4.4. Conclusões do Estudo de Caso

A primeira conclusão que podemos extrair do estudo de caso está na diferenciação entre os critérios utilizados pelas nossas duas principais fontes, qual sejam, o Fund for Peace e o Banco Mundial.

País Ranking FSI Reagrupado Ranking BM Reagrupado Média de Variação dos Indicadores R.D. do Congo 2 1 -1,428 Burundi 9 2 -1,34 Costa do Marfim 1 3 -1,07 Haiti 7 4 -0,585 Iraque 4 5 0,063 Ruanda 8 6 0,178 Sudão 3 7 0,221 Serra Leoa 5 8 0,358 Liberia 6 9 0,393

Tabela 13: Resultados Comparativos 1

A tabela acima apresenta um reagrupamento dos países em análise com relação ao quadro inicial da Fund for Peace, além de um ranqueamento decresecente –do pior para o melhor resultado das médias aritméticas das variações dos indicadores- a partor dos dados do Banco Mundial. O reagrupamento do Failed

States Index coloca os nove casos analisados em ordem decrescente que aparecem

no quadro inicial. Enquanto o FSI enquadra a Costa do Marfim como o Estado em processo mais avançado de colapso, segundo a análise aqui feita, o mesmo país ficaria em primeiro lugar. Da mesma forma, enquanto o segundo caso mais extremo de variação negativa nas médias de variação dos indicadores fica com o Burundi, o país é colocado apenas em 9º lugar no reagrupamento do FSI, 17º no ranking original.

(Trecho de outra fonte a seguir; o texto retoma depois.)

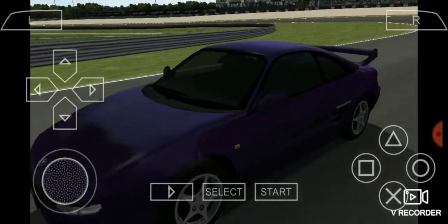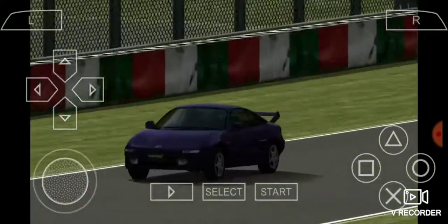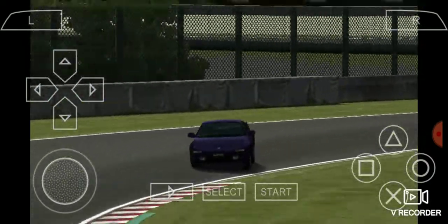Tackle a repeating S-Bend in the first half of the Suzuka circuit. Be careful not to leave the road and head for the goal.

Tal demonstração reflete aquilo que vimos suportando desde o início de nosso trabalho: Estados Falidos não são necessariamente aqueles em que a violência é preponderante mas, sim, aqueles em que as instituições não conseguem manter o papel estatal de governança, ou simplesmente não existem. Por outro lado, se a crítica for a da comparação entre dois elementos construídos de maneira metodologicamente diversa –como comparar laranjas a maçãs- nosso argumento principal é que o FSI tratou-se apenas de um ponto de partida, e os números apresentados na tabela 13 apenas servem para reforçar um dos aspectos de nosso entendimento acerca do processo de falência.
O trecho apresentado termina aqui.